■ **THE TASK**
Identify the line in which "1C6SRFFT8TN372185 2026 RAM 1500 photo no. 5" appears, then reproduce that line and all remaining lines of the records word for word.

■ **INFORMATION GIVEN**
- Opening Delimiter -
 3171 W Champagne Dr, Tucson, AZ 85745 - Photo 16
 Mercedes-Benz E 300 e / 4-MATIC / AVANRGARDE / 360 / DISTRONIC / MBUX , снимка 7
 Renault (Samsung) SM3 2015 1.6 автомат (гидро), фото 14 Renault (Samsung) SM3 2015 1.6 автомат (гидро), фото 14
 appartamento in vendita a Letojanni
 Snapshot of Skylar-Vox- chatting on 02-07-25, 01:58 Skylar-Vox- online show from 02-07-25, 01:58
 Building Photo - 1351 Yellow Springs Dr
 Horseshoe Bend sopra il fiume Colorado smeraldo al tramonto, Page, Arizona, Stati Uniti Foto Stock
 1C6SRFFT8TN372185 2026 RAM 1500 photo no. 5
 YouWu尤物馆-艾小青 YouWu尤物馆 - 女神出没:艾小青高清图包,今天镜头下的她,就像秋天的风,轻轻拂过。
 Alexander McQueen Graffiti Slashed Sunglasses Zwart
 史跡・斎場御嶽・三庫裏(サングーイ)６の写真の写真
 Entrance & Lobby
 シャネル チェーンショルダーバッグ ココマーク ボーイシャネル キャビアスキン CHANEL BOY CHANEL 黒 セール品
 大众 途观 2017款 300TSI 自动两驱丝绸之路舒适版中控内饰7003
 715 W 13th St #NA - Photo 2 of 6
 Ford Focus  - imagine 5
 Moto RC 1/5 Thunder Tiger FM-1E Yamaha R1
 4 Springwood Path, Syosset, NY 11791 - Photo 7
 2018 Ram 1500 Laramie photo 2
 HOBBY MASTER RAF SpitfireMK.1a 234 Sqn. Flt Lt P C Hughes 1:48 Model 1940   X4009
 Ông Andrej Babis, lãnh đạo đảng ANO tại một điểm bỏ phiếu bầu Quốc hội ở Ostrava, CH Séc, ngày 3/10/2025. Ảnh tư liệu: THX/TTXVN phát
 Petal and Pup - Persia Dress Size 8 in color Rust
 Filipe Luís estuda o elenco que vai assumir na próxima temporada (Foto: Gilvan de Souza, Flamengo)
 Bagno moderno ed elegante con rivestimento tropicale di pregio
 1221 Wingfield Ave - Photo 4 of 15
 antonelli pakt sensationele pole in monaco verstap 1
- Closing Delimiter -
■ **OUTPUT FOR THIS TASK**
 1C6SRFFT8TN372185 2026 RAM 1500 photo no. 5
 YouWu尤物馆-艾小青 YouWu尤物馆 - 女神出没:艾小青高清图包,今天镜头下的她,就像秋天的风,轻轻拂过。
 Alexander McQueen Graffiti Slashed Sunglasses Zwart
 史跡・斎場御嶽・三庫裏(サングーイ)６の写真の写真
 Entrance & Lobby
 シャネル チェーンショルダーバッグ ココマーク ボーイシャネル キャビアスキン CHANEL BOY CHANEL 黒 セール品
 大众 途观 2017款 300TSI 自动两驱丝绸之路舒适版中控内饰7003
 715 W 13th St #NA - Photo 2 of 6
 Ford Focus  - imagine 5
 Moto RC 1/5 Thunder Tiger FM-1E Yamaha R1
 4 Springwood Path, Syosset, NY 11791 - Photo 7
 2018 Ram 1500 Laramie photo 2
 HOBBY MASTER RAF SpitfireMK.1a 234 Sqn. Flt Lt P C Hughes 1:48 Model 1940   X4009
 Ông Andrej Babis, lãnh đạo đảng ANO tại một điểm bỏ phiếu bầu Quốc hội ở Ostrava, CH Séc, ngày 3/10/2025. Ảnh tư liệu: THX/TTXVN phát
 Petal and Pup - Persia Dress Size 8 in color Rust
 Filipe Luís estuda o elenco que vai assumir na próxima temporada (Foto: Gilvan de Souza, Flamengo)
 Bagno moderno ed elegante con rivestimento tropicale di pregio
 1221 Wingfield Ave - Photo 4 of 15
 antonelli pakt sensationele pole in monaco verstap 1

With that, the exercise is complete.